_Exercise goal_
Any pictures in the records below should be skipped; write out everything else exactly.

_Material shown_
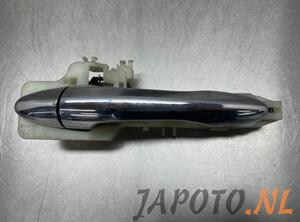 Door Handle KIA SPORTAGE (SL)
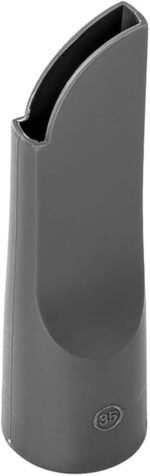 BLACK & DECKER VACUUM CLEANER BAGLESS 2.5L 1600W BL-VM1680 - Image 2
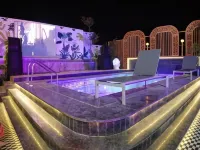 The Pearl Petal Hotels in Rohtak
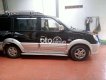 Mitsubishi Jolie MT 2005 - Bán Mitsubishi Jolie MT năm sản xuất 2005, màu đen còn mới, giá chỉ 155 triệu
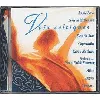 cd various - voix celtiques = celtic voices (1997)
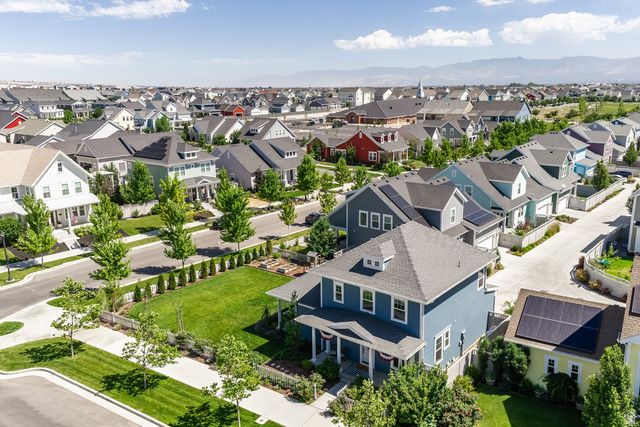 10901 S PORCINI DR, South Jordan, UT 84009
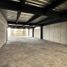 100 m² Office for rent in Mexico City, Miguel Hidalgo, Mexico City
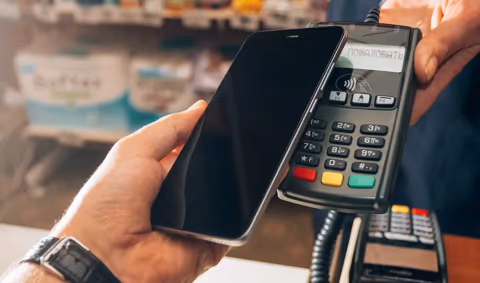India Buka Peluang Biaya Transaksi UPI: Dampaknya bagi Ekosistem Pembayaran Digital Indonesia?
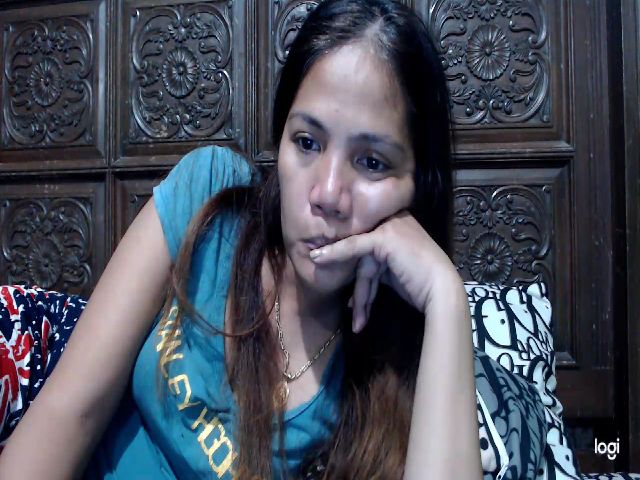 Live sex webcam photo for Wownipples #274553038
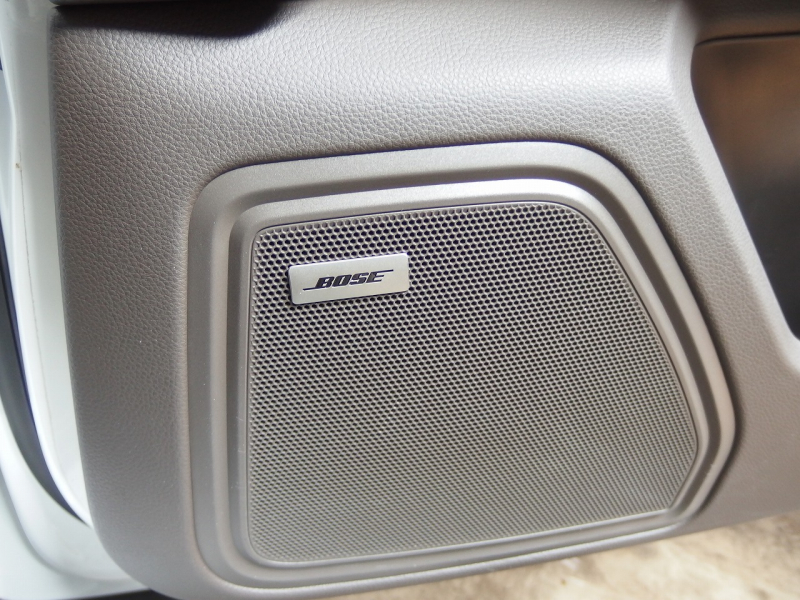 ポルシェ&nbsp;マカン&nbsp;S　正規ディーラー車　右ハンドル　EUR-GTエアロキット&nbsp;中古車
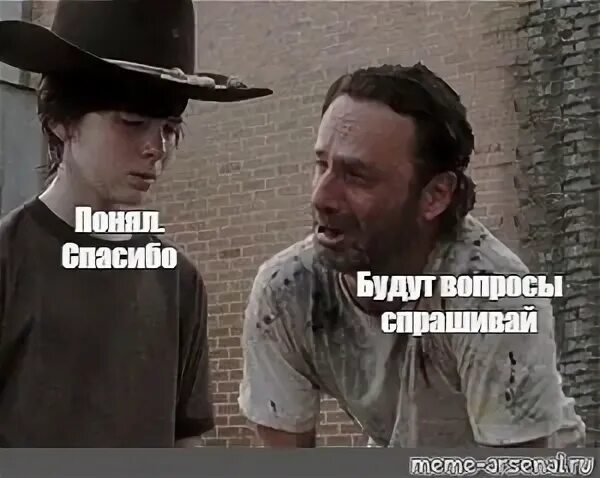 Аналогично имеем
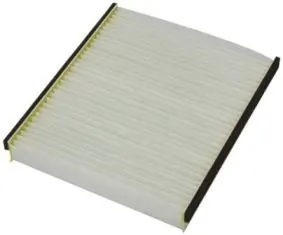 Filtr kabiny Ford 1315686 cena, od 7,46 USD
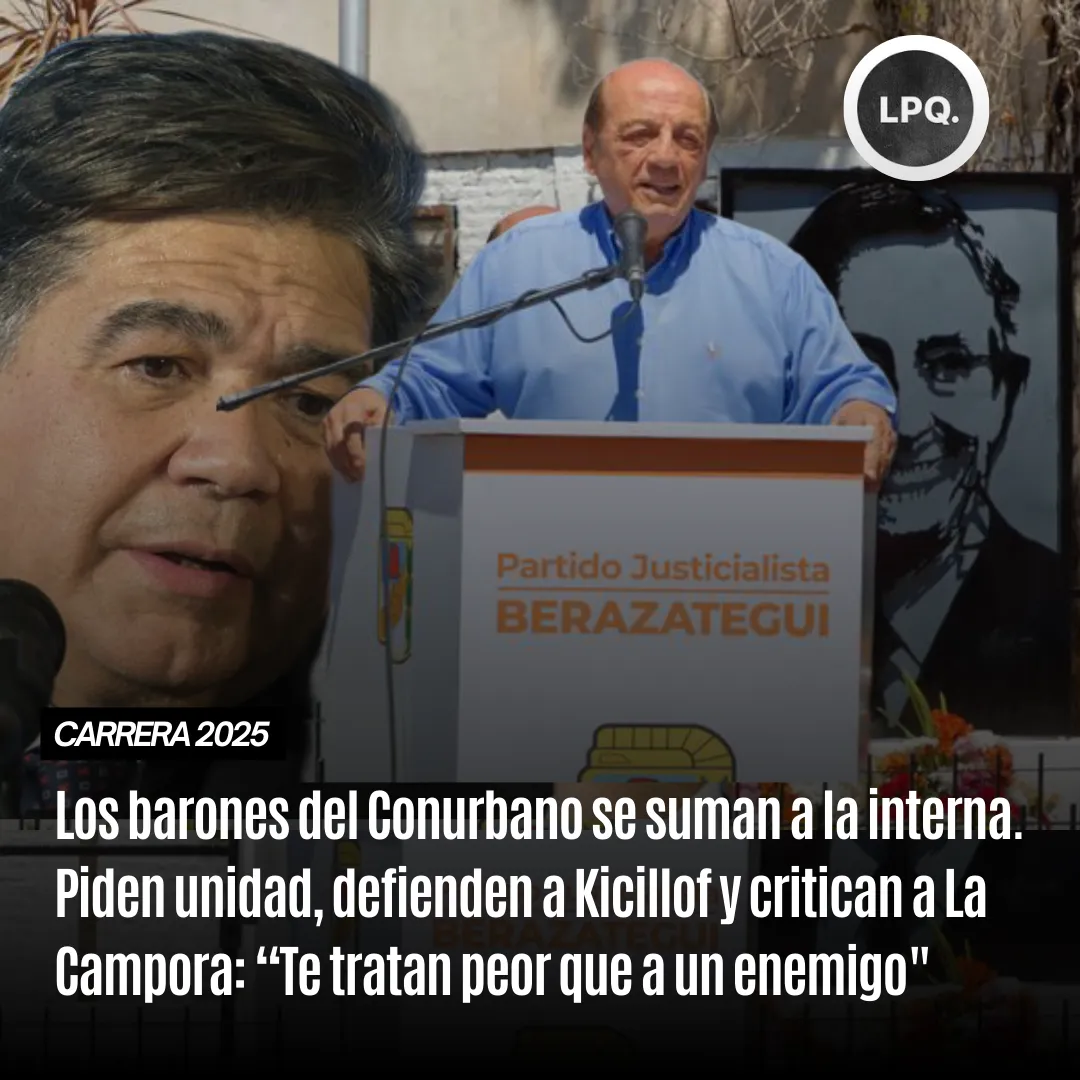 Noticias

_Output for this task_
 Door Handle KIA SPORTAGE (SL)
 BLACK & DECKER VACUUM CLEANER BAGLESS 2.5L 1600W BL-VM1680 - Image 2
 The Pearl Petal Hotels in Rohtak
 Mitsubishi Jolie MT 2005 - Bán Mitsubishi Jolie MT năm sản xuất 2005, màu đen còn mới, giá chỉ 155 triệu
 cd various - voix celtiques = celtic voices (1997)
 10901 S PORCINI DR, South Jordan, UT 84009
 100 m² Office for rent in Mexico City, Miguel Hidalgo, Mexico City
India Buka Peluang Biaya Transaksi UPI: Dampaknya bagi Ekosistem Pembayaran Digital Indonesia?
 Live sex webcam photo for Wownipples #274553038
 ポルシェ&nbsp;マカン&nbsp;S　正規ディーラー車　右ハンドル　EUR-GTエアロキット&nbsp;中古車
 Аналогично имеем
 Filtr kabiny Ford 1315686 cena, od 7,46 USD
 Noticias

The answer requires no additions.